How many eleven-thousand-dollar-a-day
paychecks can he “earn” before the Board
cuts him loose? Hell—the sooner the better!
How sweet to sway under a golden parachute,
age 54, the rest of a life in front of him….
Robots on the sandy bottom
saw at the pipe to ready it
for a capping attempt,
but the boil of oil and methane
keeps on thundering up
in diarrheal billows.
A sickening sight, yes—
but far from where we live.
How sad for those living there!
Our thoughts and prayers—etcetera…
Decaying fish at the fouled tideline—
more fish than Jesus conjured up
at Bethsaida. A mockery of miracles!
The Gulf’s abundance wiped out
so people like me can drive twenty miles
each way to work, gulp bottled water,
keep leftovers cold for days before
finally tossing them out.
The primordial dead power the pictures
that move me to write, the underwater
cameras that make me an impotent witness.
Even the ink in my pen is implicated,
my better angels beached in slick goop
like pelicans, heads cranked back,
eyes frosted over in the wind.
Even the ink in my pen….
TV ads tout BP’s commitment to clean-up.
News of a stalled rebound: unemployment, 9.7 percent.
Commercials for the new Infiniti: air conditioned to mimic bucolic breezes; the dashboard’s wood hand-rubbed with silver dust.
The “spill” (a PR term meaning “eruption”) stains everything.
Three thousand square miles of the Gulf’s surface sheened or slathered, the Gulf winds infused with stench.
A hundred meters down: the plumes like sprawling Rorschachs, petro-globs tumbling like fallen angels toward the Dry Tortugas, toward the lightless Atlantic.
Ocean floor: the very ground of Being a kind of Pompeii, sooted over by rotting animacules, most so holy they’ve never acquired a name.

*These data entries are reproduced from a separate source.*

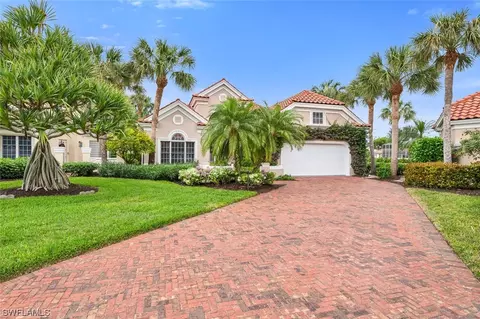 26200 Siena Dr, Bonita Springs, FL 34134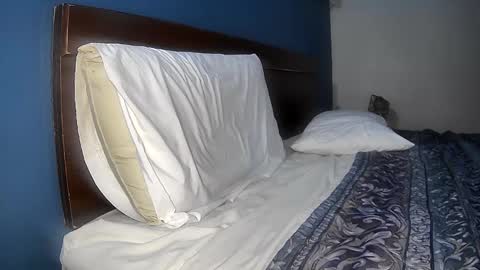 Stacy online show from October 31, 3:29 am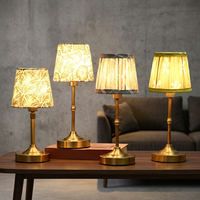Lampe de table LED à lumière chaude, style nordique simple, pour salon, chambre à coucher, en tissu et métal, lumière d'ambiance, éclairage décoratif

The Empire once made Greece its suburb.
Then the Empire made the Wild West its suburb.
Now the Empire’s made the whole globe its suburb.
Poetry: enslaved to Rhetoric,
or worse, Linguistics.
Whatever you expected
clearly will not come to pass.
Only the Gulf dying as we speak.
Only blackness dripping from our pens.
And yet—hypocrite poet!—here you sit,
casting your bitter lines out into the Gulf.

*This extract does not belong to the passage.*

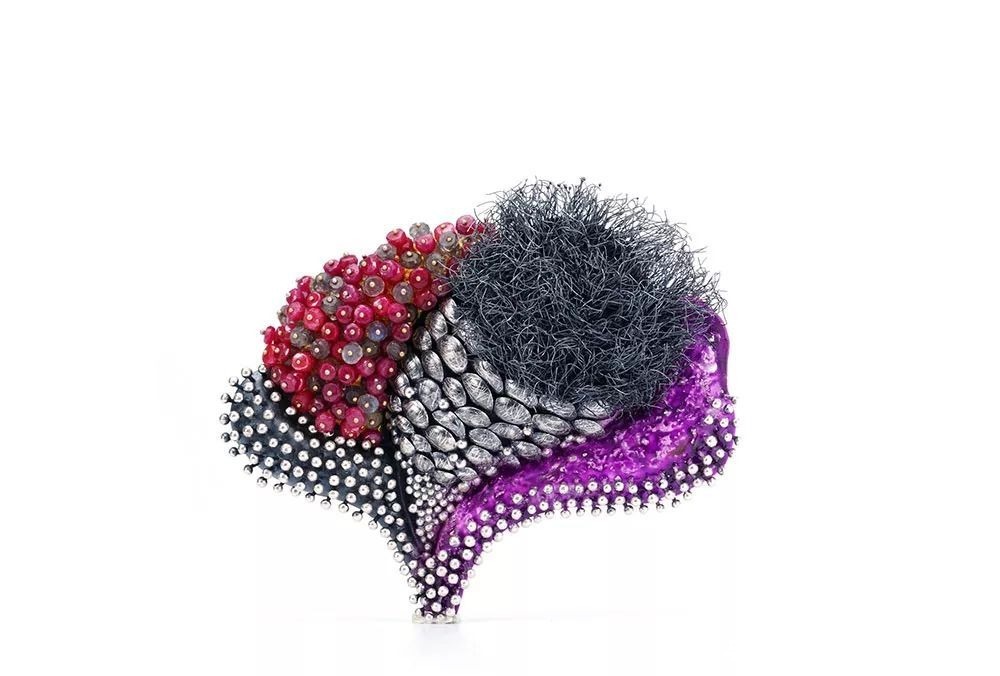 艺术|【艺术】她在珠宝上雕刻不败之花!生命在她的首饰中永生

Between the I that writes and the I that grieves,
between the one that writes and others that read,
between the eye that sees and eye that does not see,
between humans and interstellar space: the Gulf.

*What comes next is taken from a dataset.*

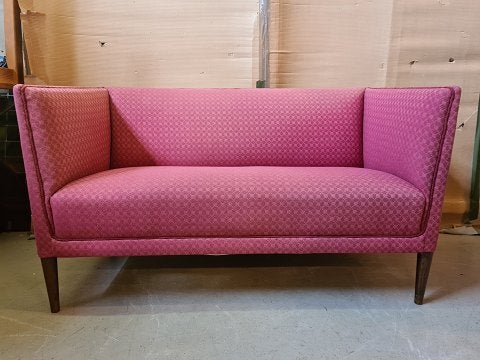 Lille sofa
 Kr. 3500,-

Against our own greed we side with the Gulf.
Against our own pride, our own numbed spirits,
against the gag of despair in our mouths—
we write. We write, the poet said, not in the past
tense, or the present, or the future. We write,
declared the poet, in the possible tense.*
We write for the restoration of the Gulf.
To restore, perhaps, our own trashed nature.
We write for the real; we write against illusion.
We write—to make the possible possible.
* Breyten Breytenbach, in Intimate Stranger
Just where the sliding tide shreds
into whitish tatters on the shore,
an albatross stands—draggled
wings cranked wide, the feathers
like charcoaled streaks fanned out
in the late day wind, each foot
a splash of ink on the sand.
We creep close, near enough
to touch—and snap his picture.
A boy prances and flaps his arms,
but the bird doesn’t scare. He stares
out to sea, shadow stretched thin
on the wave-pummeled beach, beak
uplifted like a brujo’s stick finger.
He must be dying, someone says.
But this creature’s never heard
of Coleridge. When the time
feels right, he thrusts himself
two quick steps forward and up,
lifting and veering over the swells
close in, then the far whitecaps.
The next day he’s back, jet-eyed,
imperturbable. Perhaps it’s some
private ritual, or maybe some kind
of annunciation. There are many
worlds in this world, each alive
with many gods. Mine go by names
your tongue is too thick to pronounce.